Figure 1. Storage modulus, Loss modulus and tan δ of DMA tests. FAEN-Bz/GF composites with curing procedure 200 ^oC/4 h and 240 ^oC/2 h.

 

 

4. As all the reported crosslinked benzoxazines possessing -OH groups, the answer to the point 4 shown in the previous comments is not acceptable.

Answers to reviewer: We are sorry for making you confusion here. As you mentioned above, -OH groups were existed in crosslinked benzoxazines via the ring-opening polymerization of oxazine rings. With the generation of -OH groups, the H-bonds could be formed between the hydrogen atoms of -OH groups and nitrogen atoms, oxygen atoms generated from the ring-opening polymerization of oxazine rings. The H-bonds were not only existed in intramolecular chains, but also existed in intermolecular chains. In this condition, the -OH groups in cured matrix were not transformed into other structures. The -OH groups and H-bonds existed in matrix were shown in Scheme 1 (Scheme 2 in revised manuscript).
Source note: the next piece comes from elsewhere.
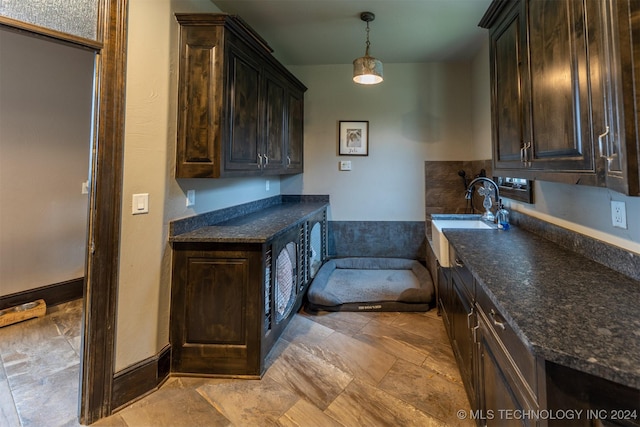 kitchen featuring dark brown cabinets, pendant lighting, and sink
Finally, we are sorry for the incomplete explanation in point 4.

Scheme 2. Possible polymerization processes of FAEN-Bz: (a) the initiation of ring-opening polymerization, (b) the polymerization of oxazine rings at 180 ^oC, (c) the formation of H-bonds inter/intra molecular and (d) the possible structure of final polymers.

 

Author Response File: Author Response.docx

Round 3

Reviewer 5 Report

No revision has been made on this version. Molecular mass and elemnetal analyzer are common instruments for molecular charcaterization.